Start of Block
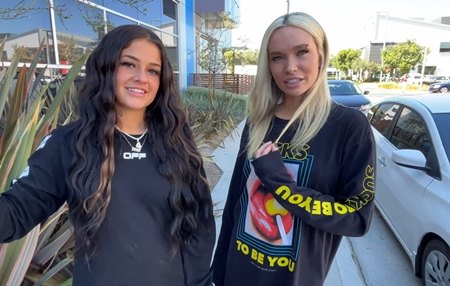 Парень узнает двух горячих порнозвездочек на улице и получает безвозмездный секс.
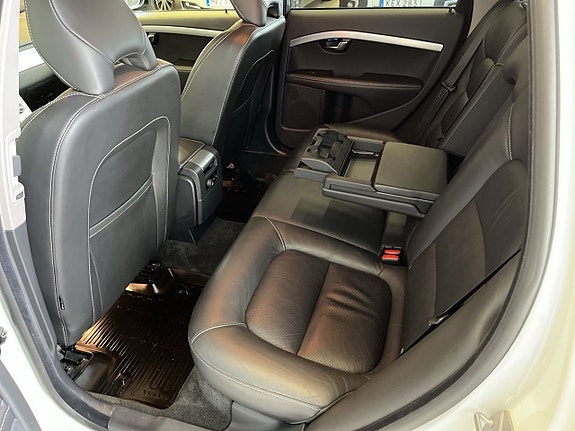 Volvo XC70 14 of 30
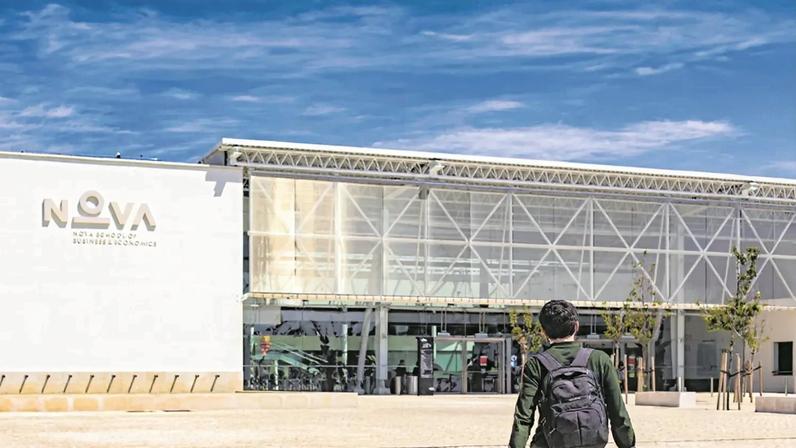 Universidade NOVA analisa decisão judicial que ordenou repetir eleição do reitor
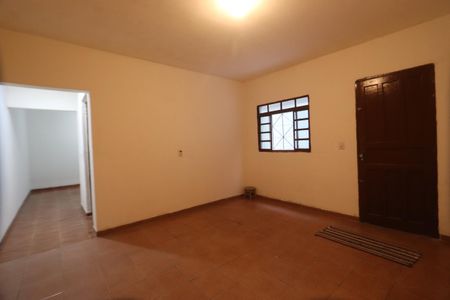 Sala de casa para alugar com 1 quarto, 151m² em Jardim Santa Adelia, São Paulo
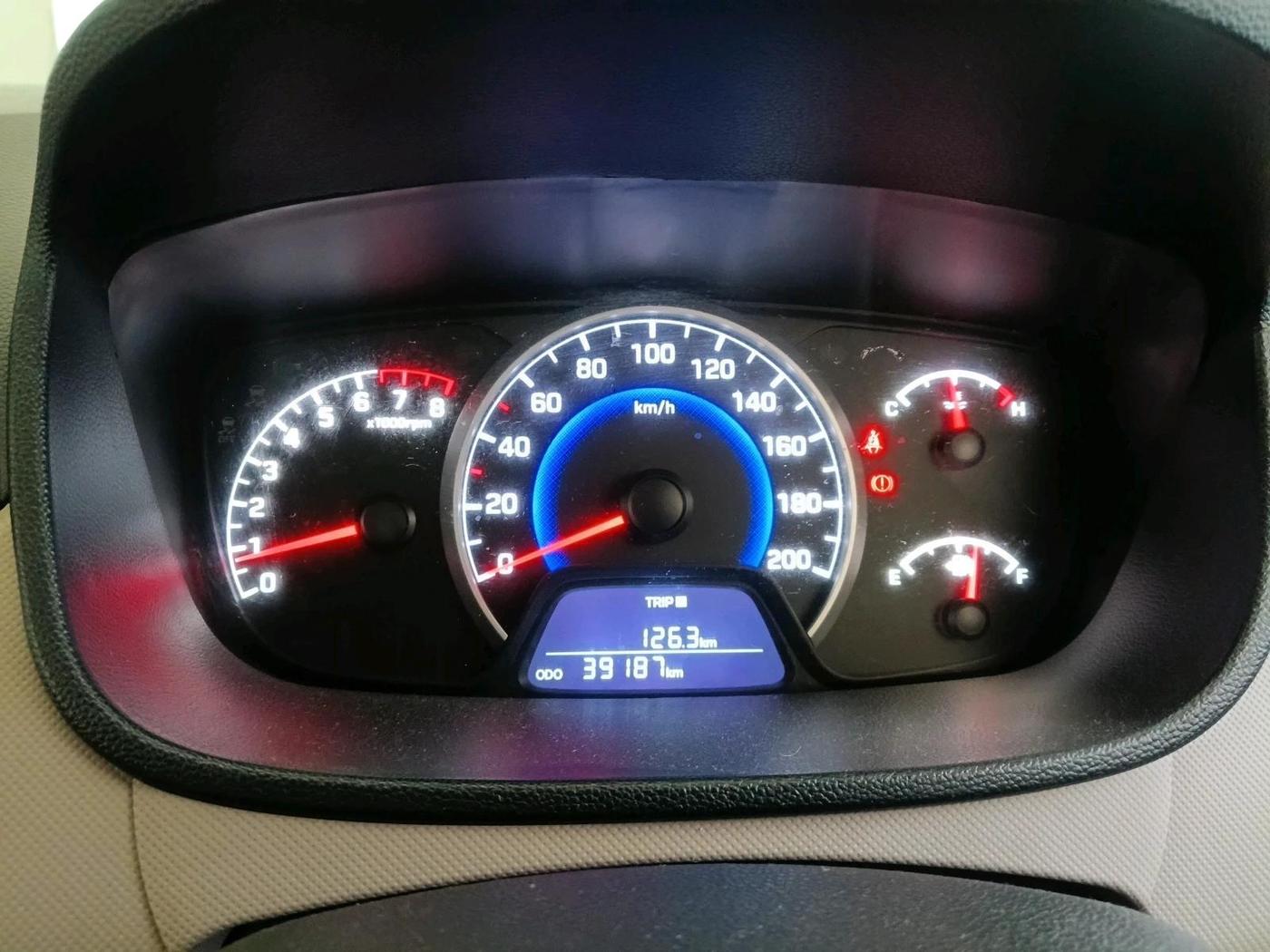 2018 Hyundai Grand i10 SPORTZ 1.2 KAPPA VTVT, Petrol, Manual, 39,187 km, interior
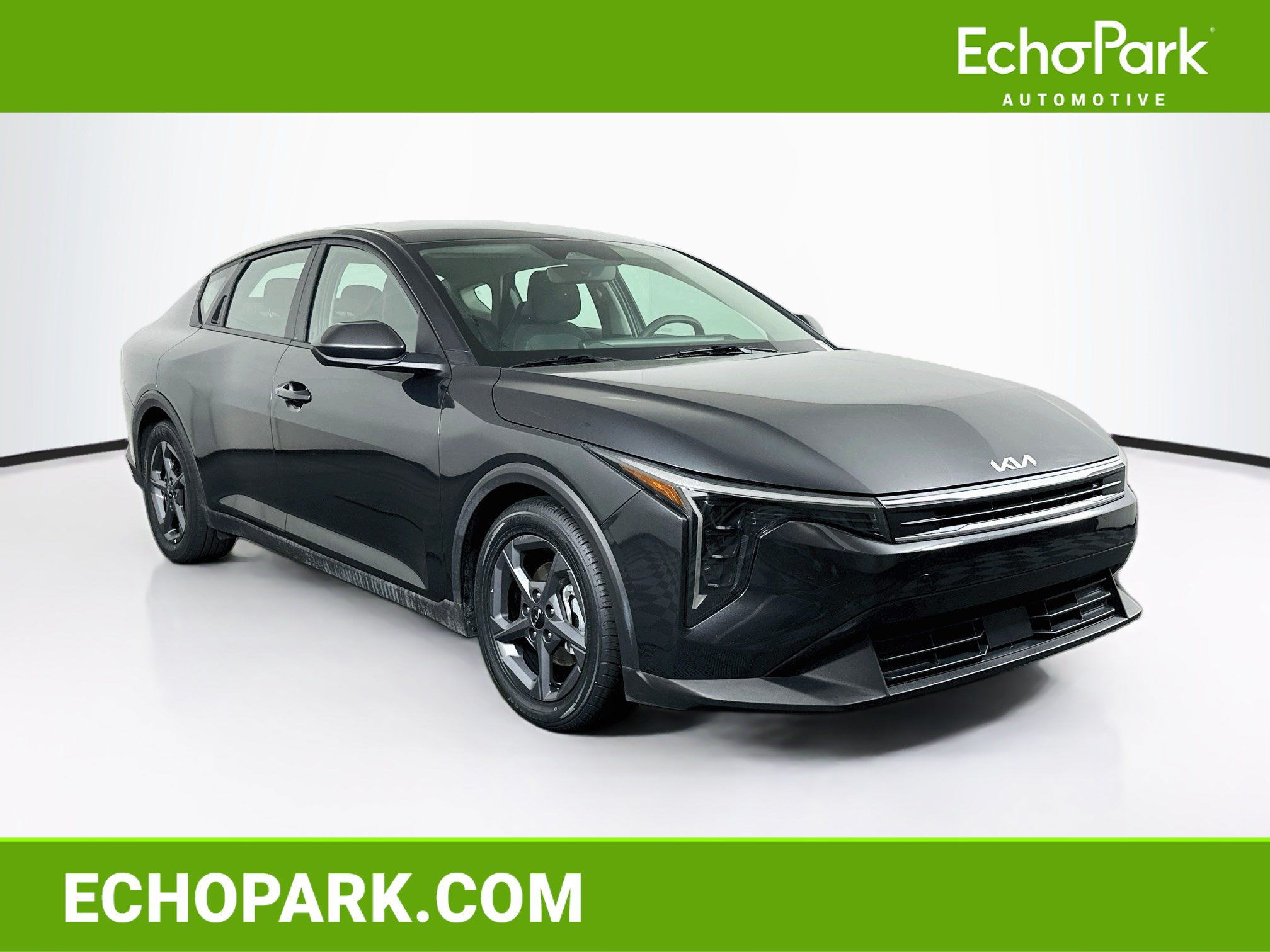 Used 2025 Kia K4 FWD image 1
End of Block
● Problem to solve
A verbatim copy of the entries, without the pictures, is what this task requires.

● Result of this exercise
 Парень узнает двух горячих порнозвездочек на улице и получает безвозмездный секс.
 Volvo XC70 14 of 30
 Universidade NOVA analisa decisão judicial que ordenou repetir eleição do reitor
 Sala de casa para alugar com 1 quarto, 151m² em Jardim Santa Adelia, São Paulo
 2018 Hyundai Grand i10 SPORTZ 1.2 KAPPA VTVT, Petrol, Manual, 39,187 km, interior
 Used 2025 Kia K4 FWD image 1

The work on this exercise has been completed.